- Statue in front of Katzen Arts Center, American University, Washington, D.C.
- Artist: Rigo 23
- Medium: Wood
- Subject: Leonard Peltier
- Dimensions: 270 cm (108 in)

= Statue of Leonard Peltier =

Wood statue by Rigo 23

The statue of Leonard Peltier, American Indian Movement activist and long-term prisoner, was created by political artist Rigo 23. The piece is based on a self-portrait of Peltier and was created to raise awareness of Peltier's Native American activism, artistry, and his 41 years in prison. The statue stands nine feet tall and is made of redwood and some steel. It includes a base measuring six feet by nine feet, modeled to match the dimensions of a standard prison cell.

Approved for placement on the grounds of the American University in Washington, D.C., in 2016, the statue was brought across the country for placement. On the way, it made stops in various locations such as Standing Rock, Pine Ridge, and Alcatraz Island. During its journey, over five hundred people stood on its feet to show their solidarity for Peltier.
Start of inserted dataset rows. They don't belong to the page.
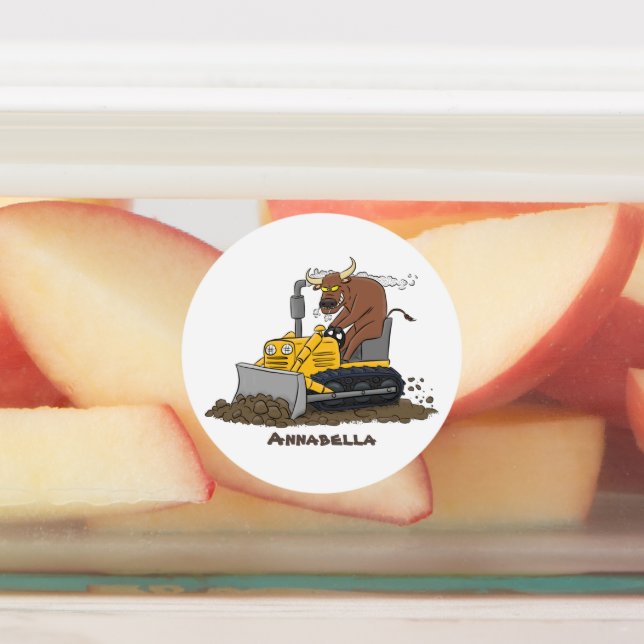 Funny bull driving bulldozer cartoon labels (Affixed)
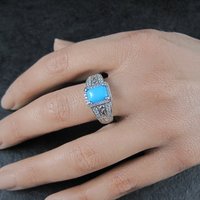 Sleeping Beauty Turquoise Cocktail Ring Sterling Silver Size 8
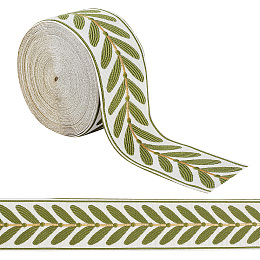 Olycraft Polyester Ribbons, Jacquard Ribbon, Tyrolean Ribbon, Garment Accessories, Leaf Pattern, Lime Green, 2-3/8 inch(60mm), about 10.94 Yards(10m)/Set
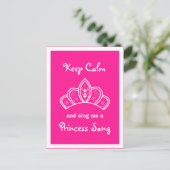 Behalt Calm Pink Princess Song Party Vielen Dank Postkarte (Stehend Vorderseite)
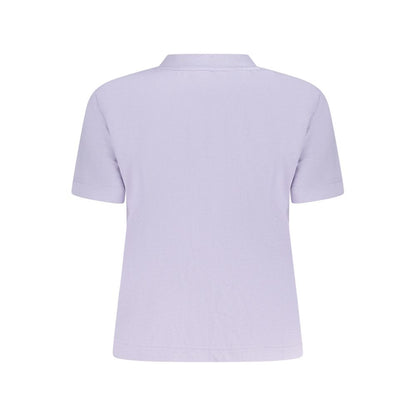 Back view of Calvin Klein Purple Cotton Women T-Shirt with a minimalist design, showcasing its soft cotton fabric and short sleeves.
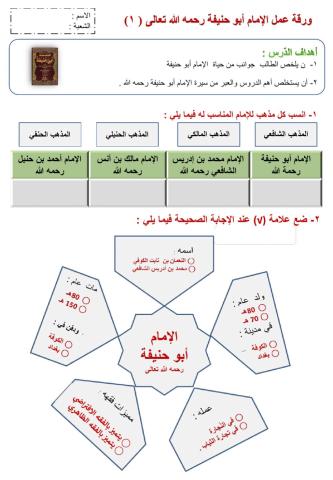 ورقة عمل لدرس الإمام أبو حنيفة رحمه الله ( 1)ـ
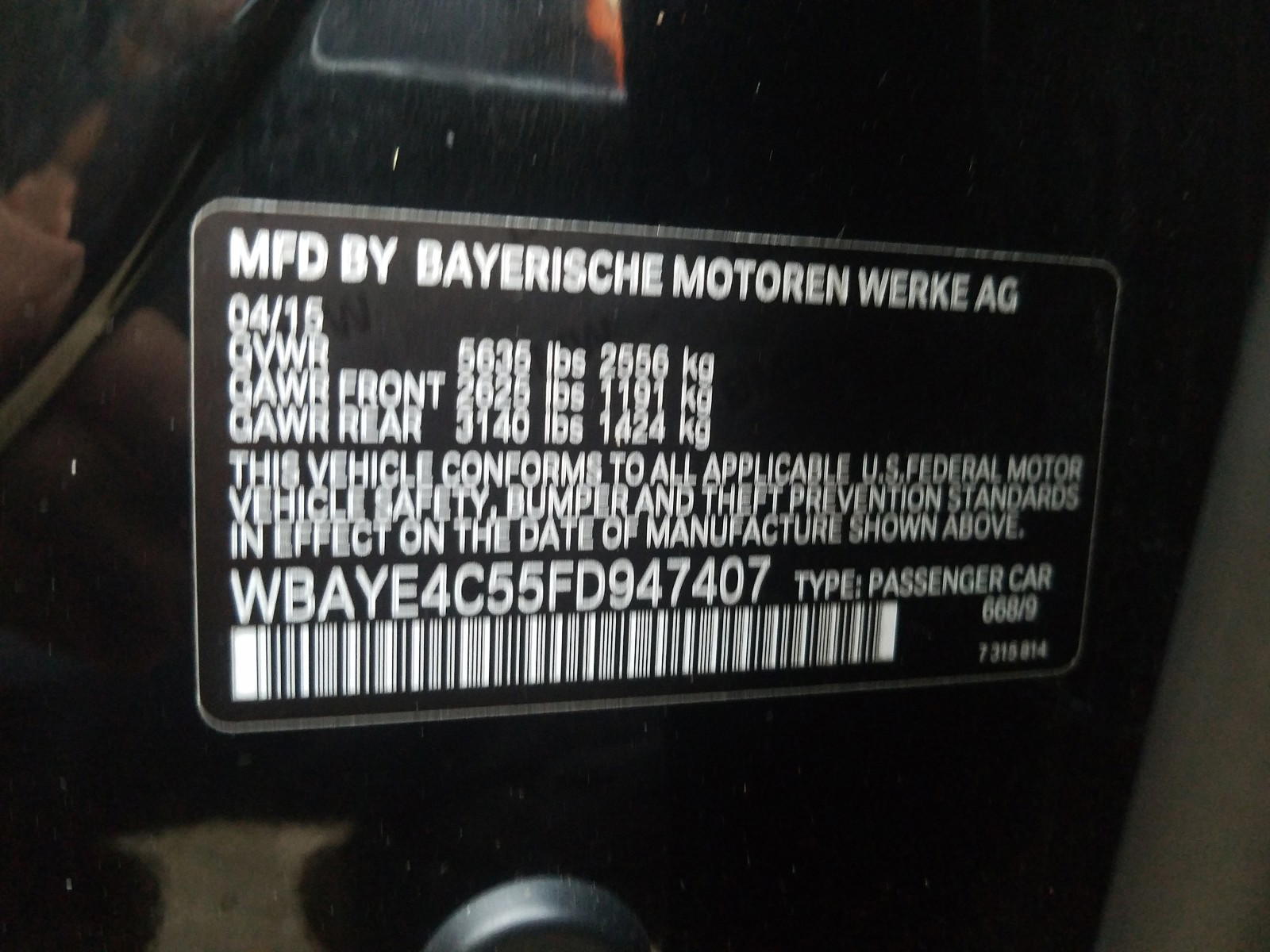 Photo 10 from auction – 2015 BMW 740 LI with VIN WBAYE4C55FD947407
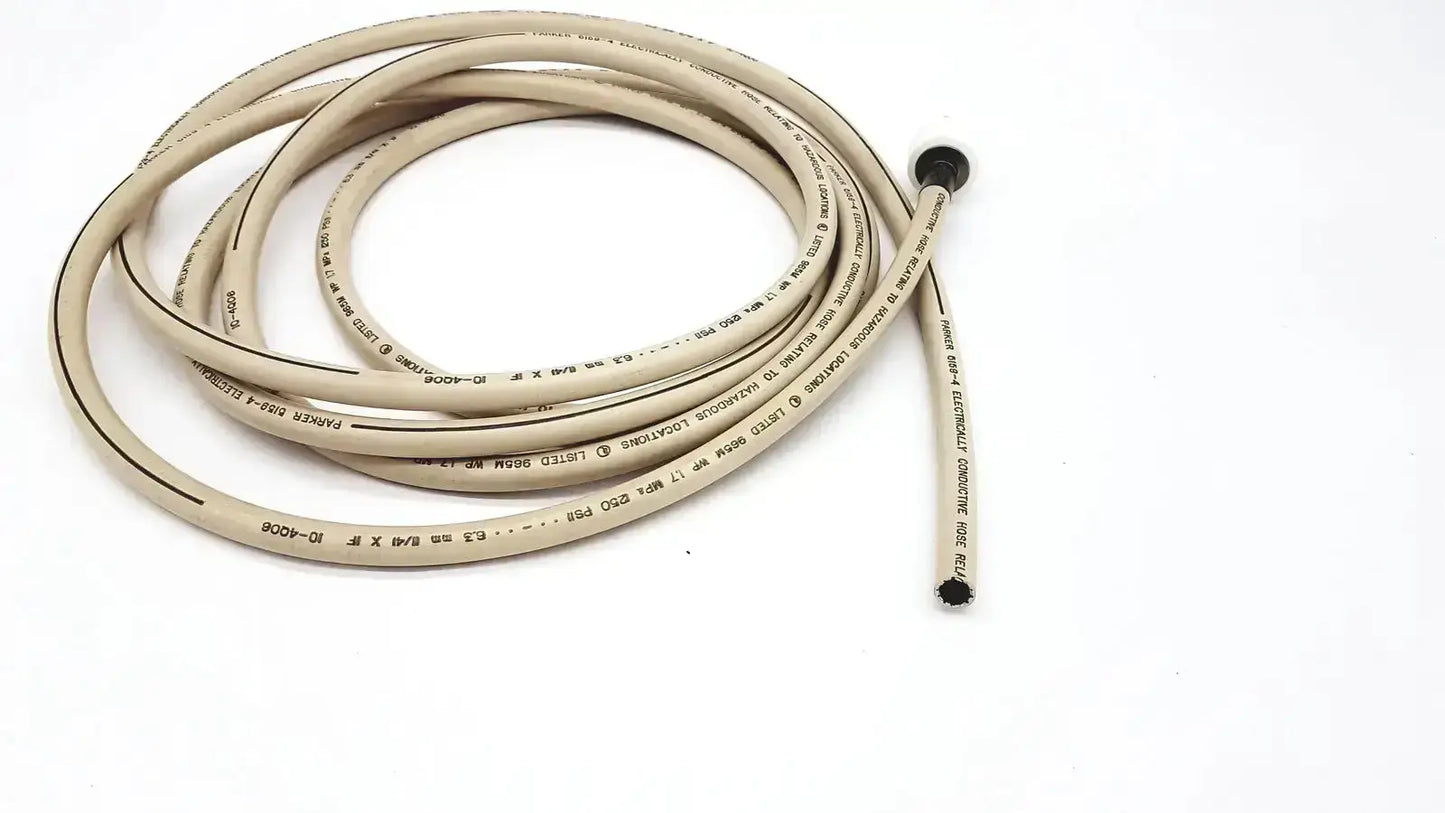 Beige coiled electrically conductive hose with black end caps and printed specifications for industrial use parker 5159-4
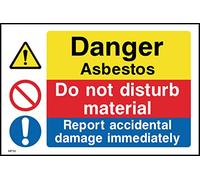 Danger Asbestos Do Not Disturb Material Sign - 400mm x 300mm - Self Adhesive Sticker (MP30)
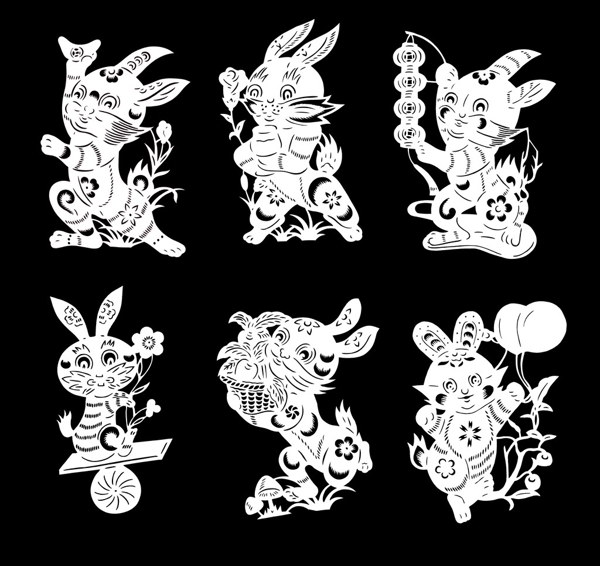 兔子剪纸图片
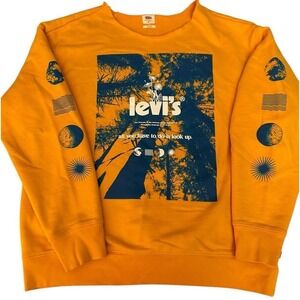 Levi's All You Have to Do Is Look Up Forest Graphic‎ Sweatshirt Orange Med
On December 9, 2016, the statue was placed in front of the American University's Katzen Arts Center. Soon after the president of the FBI Agents Association requested its removal. In January 2017, the statue was disassembled and removed from the campus by its administration who issued the statement:

The decision to host the Peltier statue required a more thorough assessment of the implications of placing the piece in a prominent, public space outside the museum. With the benefit of a fuller review, we have made a decision to remove the piece from this location. The subject matter and placement of the piece improperly suggested that American University has assumed an advocacy position of clemency for Mr. Peltier, when no such institutional position has been taken. Further, the nature and location of the piece called into question our ability to honor our responsibilities to ensure the security of the art and the safety of our community.
— 20px, 20px, American University

The university has agreed to work alongside the artist to find another home for the statue.